Start of Exercise data

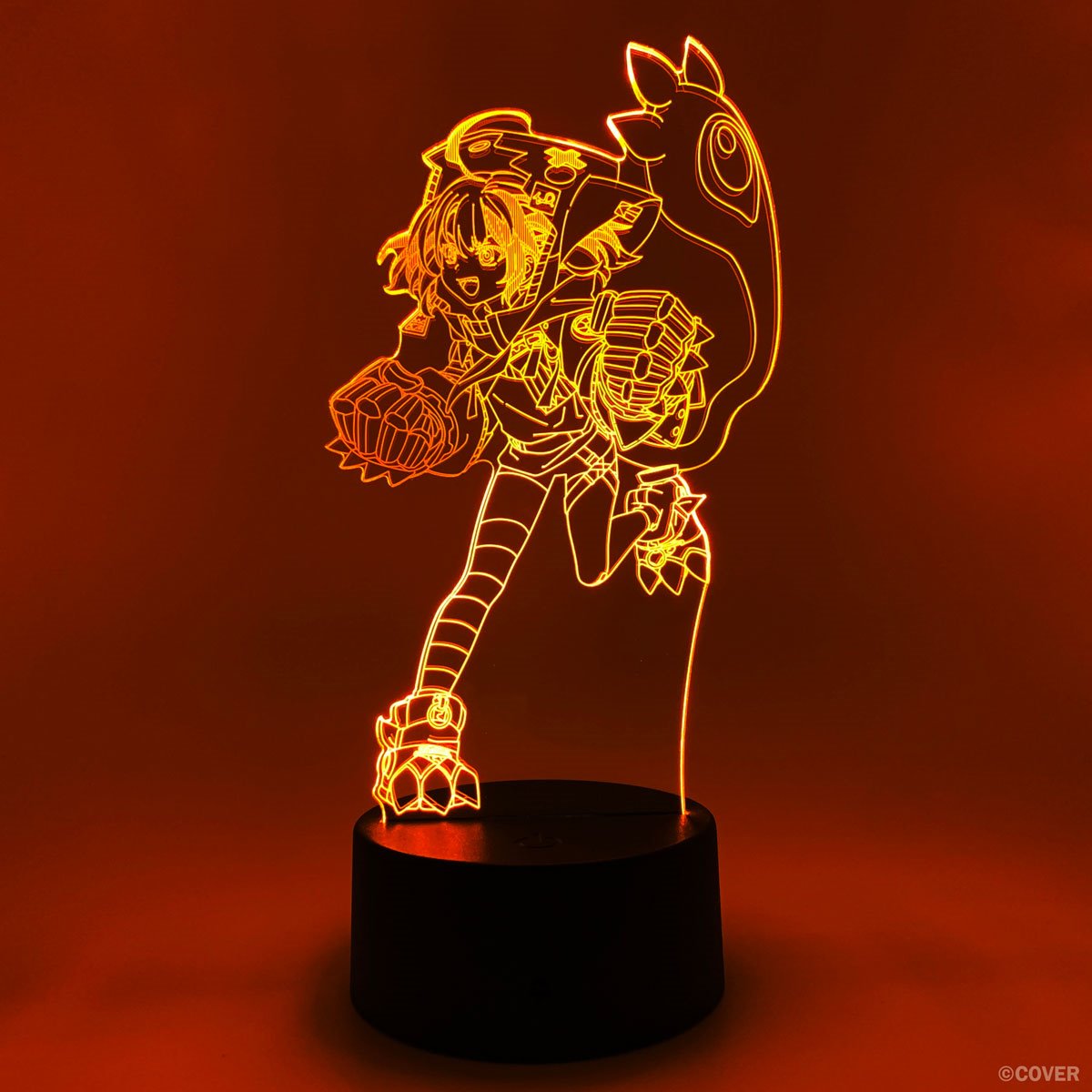 Hololive Justice Gigi Murin Otaku Lamp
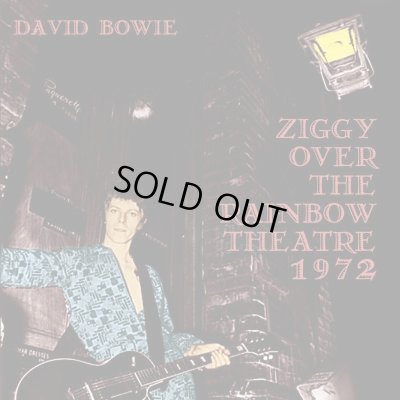 画像1: DAVID BOWIE / ZIGGY OVER THE RAINBOW THEATRE 1972 【2CD】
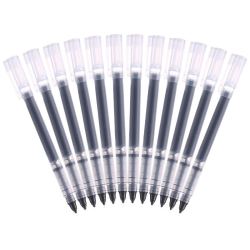 晨光 ARPM2001 拔帽中性笔 黑色 0.5mm 12支装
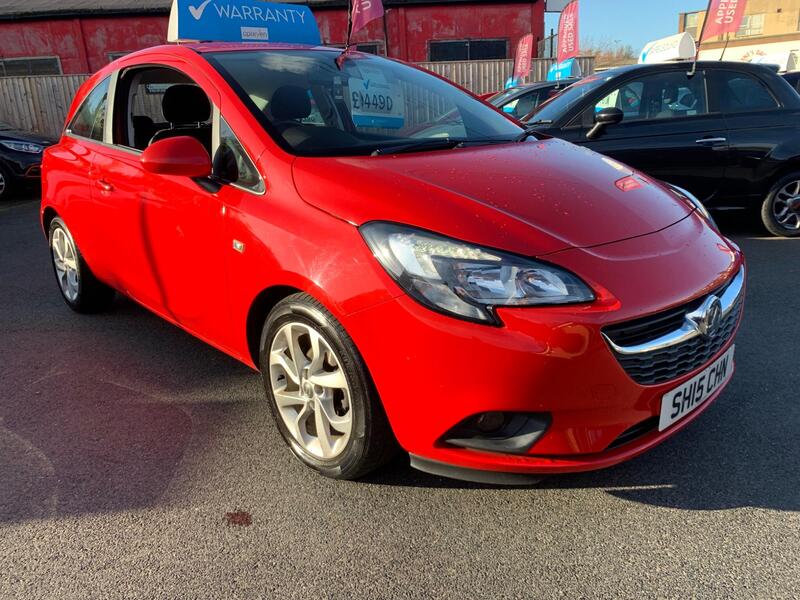 Vauxhall Corsa 1.2I Excite EURO 6 3dr (a/c)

End of Exercise data

Return the material above exactly; the images stay out.

 Hololive Justice Gigi Murin Otaku Lamp
 画像1: DAVID BOWIE / ZIGGY OVER THE RAINBOW THEATRE 1972 【2CD】
 晨光 ARPM2001 拔帽中性笔 黑色 0.5mm 12支装
 Vauxhall Corsa 1.2I Excite EURO 6 3dr (a/c)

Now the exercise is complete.